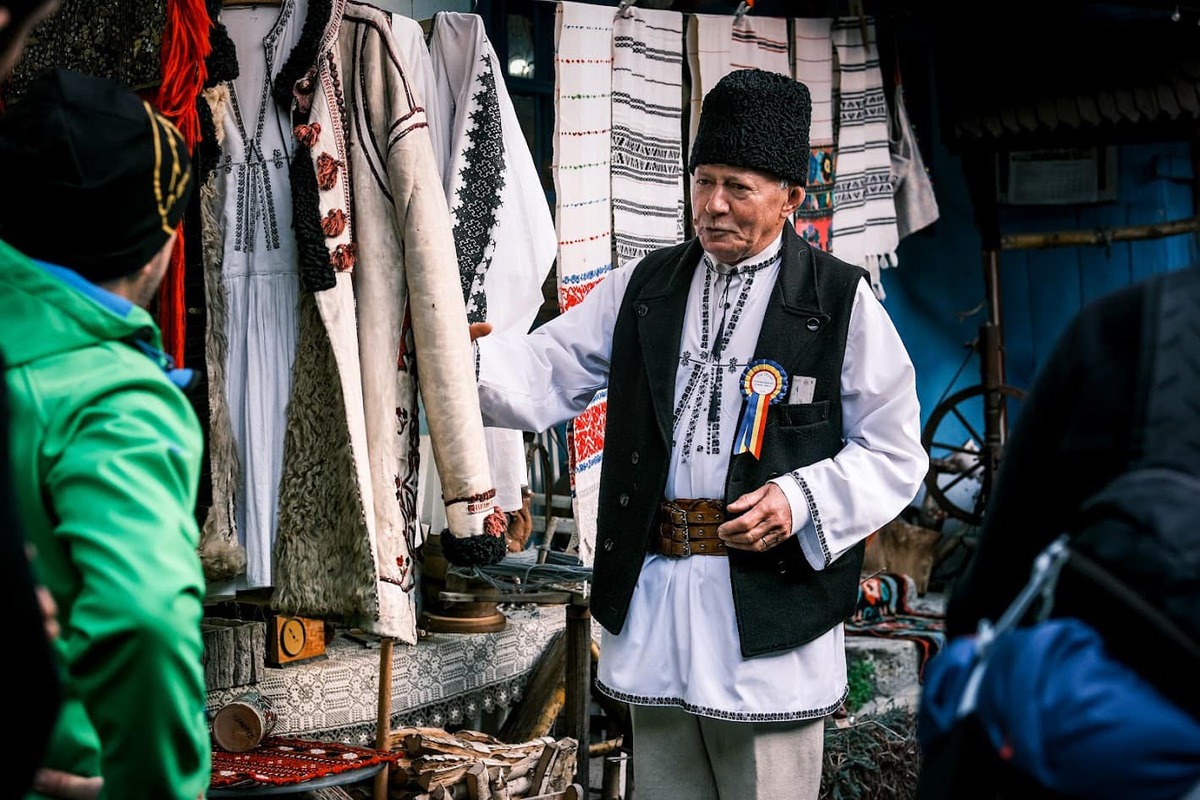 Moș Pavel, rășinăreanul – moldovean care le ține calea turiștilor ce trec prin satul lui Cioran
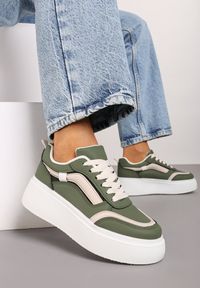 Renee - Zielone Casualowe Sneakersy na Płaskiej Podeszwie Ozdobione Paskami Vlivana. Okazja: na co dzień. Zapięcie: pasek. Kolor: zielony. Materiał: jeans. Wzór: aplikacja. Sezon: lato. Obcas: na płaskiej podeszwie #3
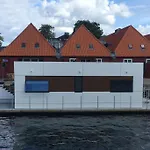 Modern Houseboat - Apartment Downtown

**REQUIRED WORK**
Once the pictures are dropped, repeat the data above exactly.

**TASK OUTPUT**
 Moș Pavel, rășinăreanul – moldovean care le ține calea turiștilor ce trec prin satul lui Cioran
 Renee - Zielone Casualowe Sneakersy na Płaskiej Podeszwie Ozdobione Paskami Vlivana. Okazja: na co dzień. Zapięcie: pasek. Kolor: zielony. Materiał: jeans. Wzór: aplikacja. Sezon: lato. Obcas: na płaskiej podeszwie #3
 Modern Houseboat - Apartment Downtown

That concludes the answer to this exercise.